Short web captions
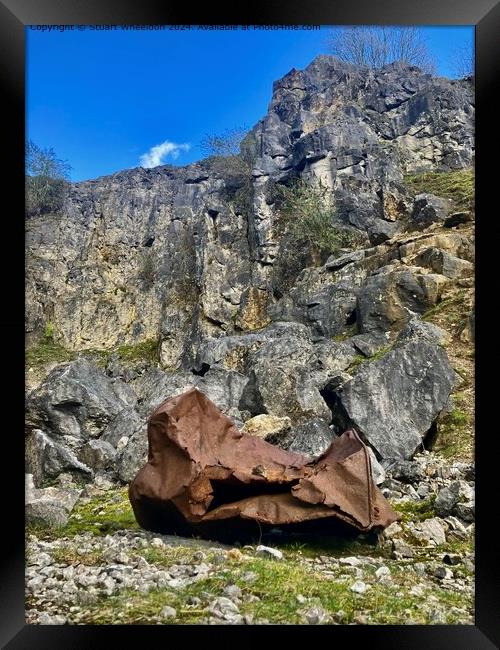 Rusted Barrel Quarry Landscape Framed Print by Stuart Wheeldon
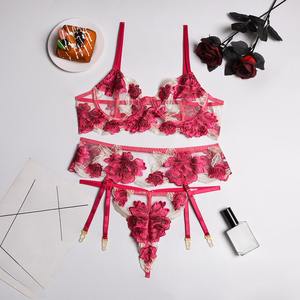 Nouvel ensemble de lingerie amusant en trois pièces, broderie de grandes fleurs et de feuilles, nouvelle année, lingerie amusante, jarretelles - Product Image 5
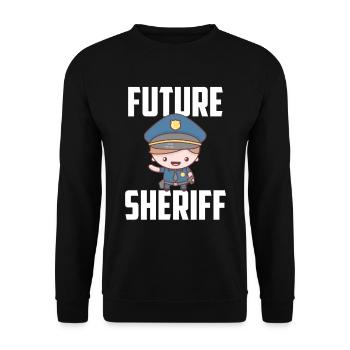 Zukünftiger Sheriff mit Junior Sheriffstern - Unisex Pullover - Schwarz - Vorne - Alina (178cm) & Michal (187cm)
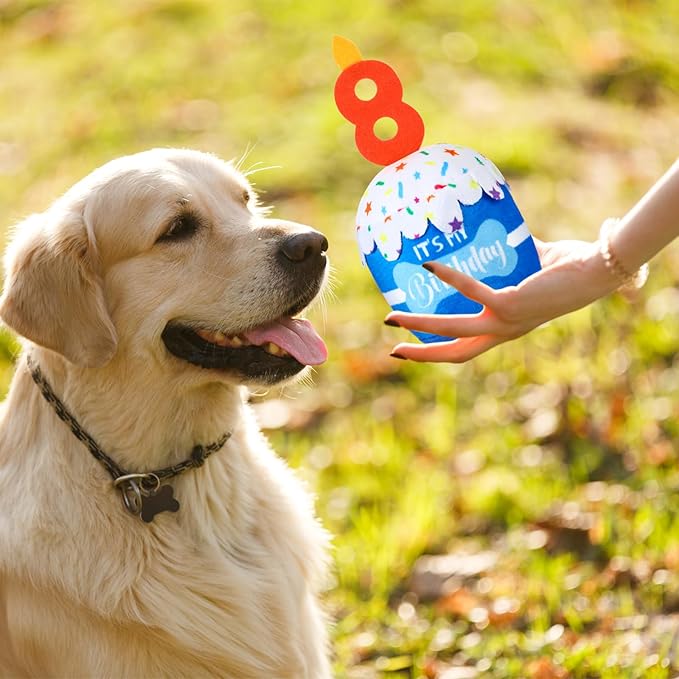 Dog Birthday Cake Toy Accessories for Girl Boy Gifts, Squeaky Plush Toy for Dog Birthday Party Decor Favor for Large, Medium and Small Dogs(8th,Blue)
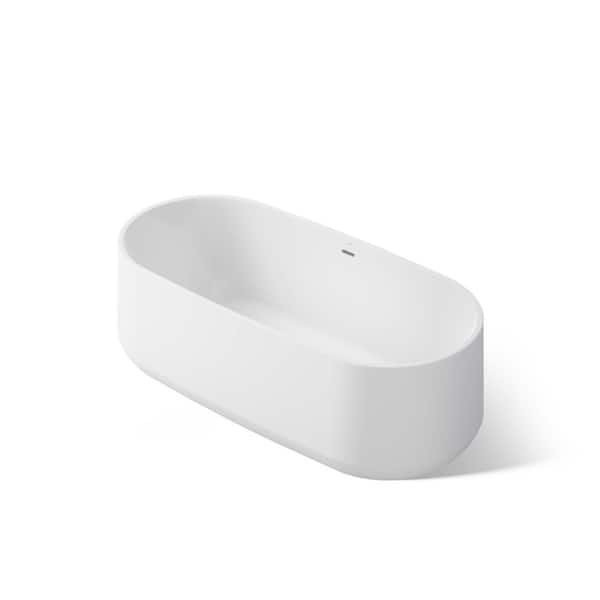 Ceric 65 in. x 31 in. Soaking Bathtub with Center Drain in White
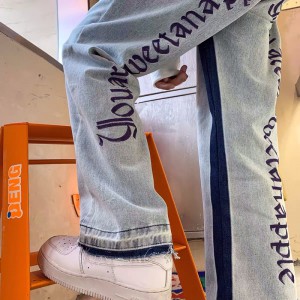 [ORDER+ẢNH THẬT] Quần bò jeans ống rộng form loe thêu chữ nghệ thuật phối viền xanh đậm Ulzzang hiphop siêu chất ❤️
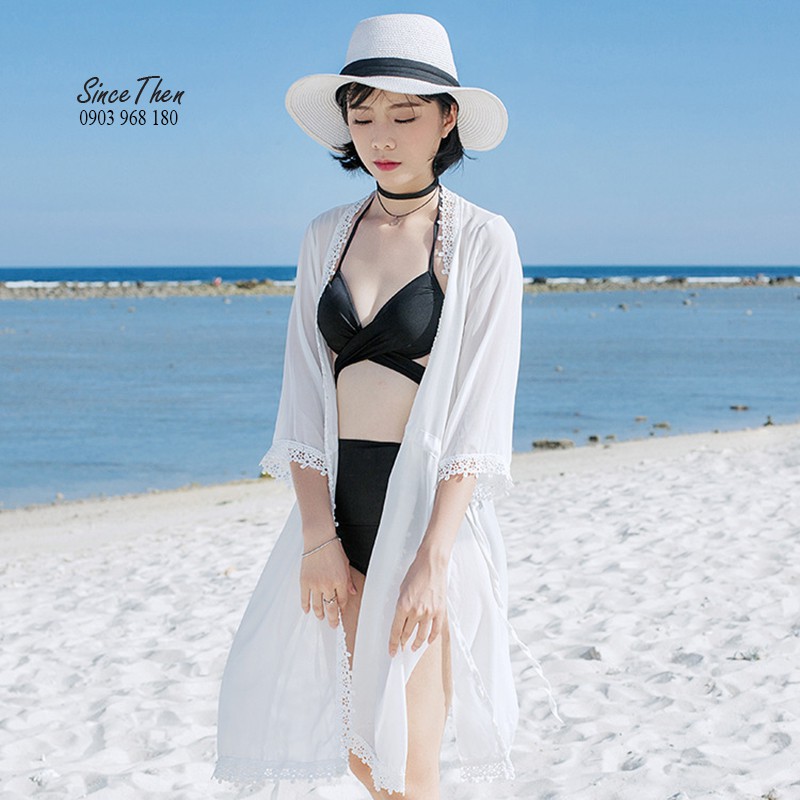 Áo choàng ren đi biển, Kimono voan mỏng xẻ tà quyến rũ - Since Then | BigBuy360 - bigbuy360.vn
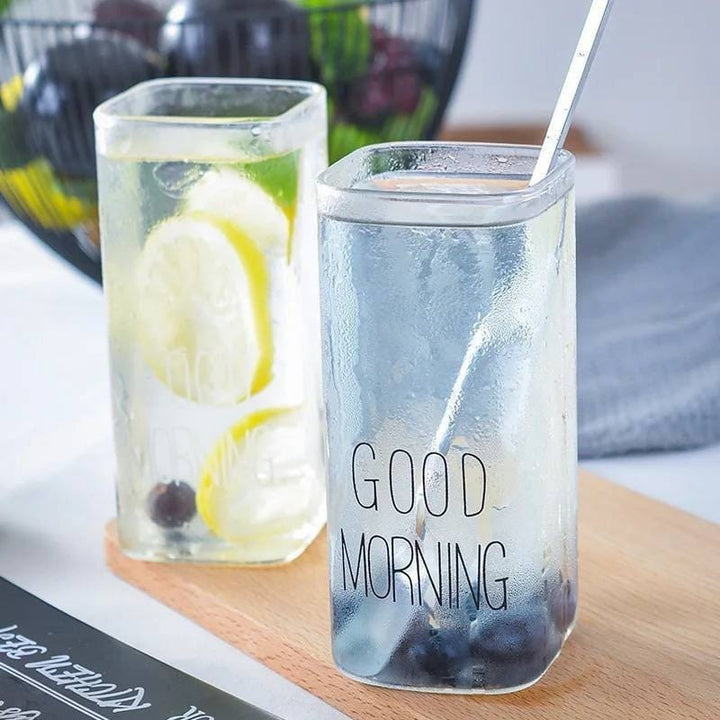 ☕ كوب الكابتشينو “GOOD MORNING” – زجاج بايركس مستورد سعة 400 مل 😍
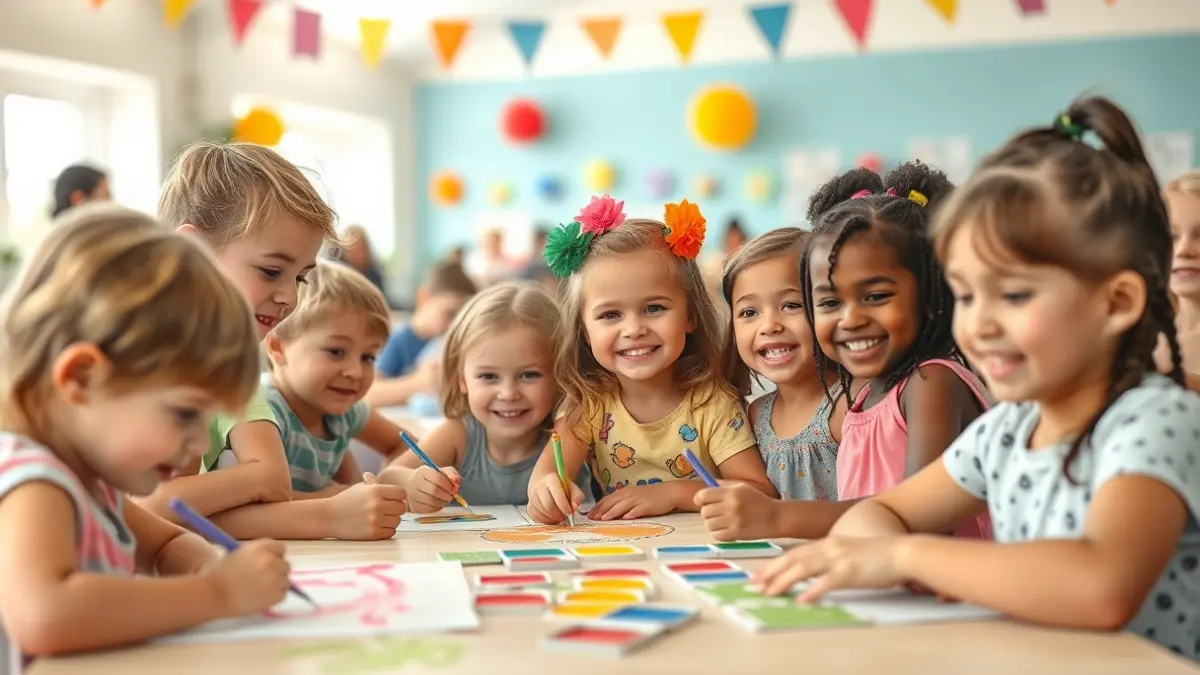 Imagen de niños y jóvenes con discapacidad participando en actividades de un campamento de verano.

TASK BRIEF ::
Write out the records exactly. Do not carry the pictures over.

SOLUTION FOR THIS PROBLEM ::
 Rusted Barrel Quarry Landscape Framed Print by Stuart Wheeldon
 Nouvel ensemble de lingerie amusant en trois pièces, broderie de grandes fleurs et de feuilles, nouvelle année, lingerie amusante, jarretelles - Product Image 5
 Zukünftiger Sheriff mit Junior Sheriffstern - Unisex Pullover - Schwarz - Vorne - Alina (178cm) & Michal (187cm)
 Dog Birthday Cake Toy Accessories for Girl Boy Gifts, Squeaky Plush Toy for Dog Birthday Party Decor Favor for Large, Medium and Small Dogs(8th,Blue)
 Ceric 65 in. x 31 in. Soaking Bathtub with Center Drain in White
 [ORDER+ẢNH THẬT] Quần bò jeans ống rộng form loe thêu chữ nghệ thuật phối viền xanh đậm Ulzzang hiphop siêu chất ❤️
 Áo choàng ren đi biển, Kimono voan mỏng xẻ tà quyến rũ - Since Then | BigBuy360 - bigbuy360.vn
 ☕ كوب الكابتشينو “GOOD MORNING” – زجاج بايركس مستورد سعة 400 مل 😍
 Imagen de niños y jóvenes con discapacidad participando en actividades de un campamento de verano.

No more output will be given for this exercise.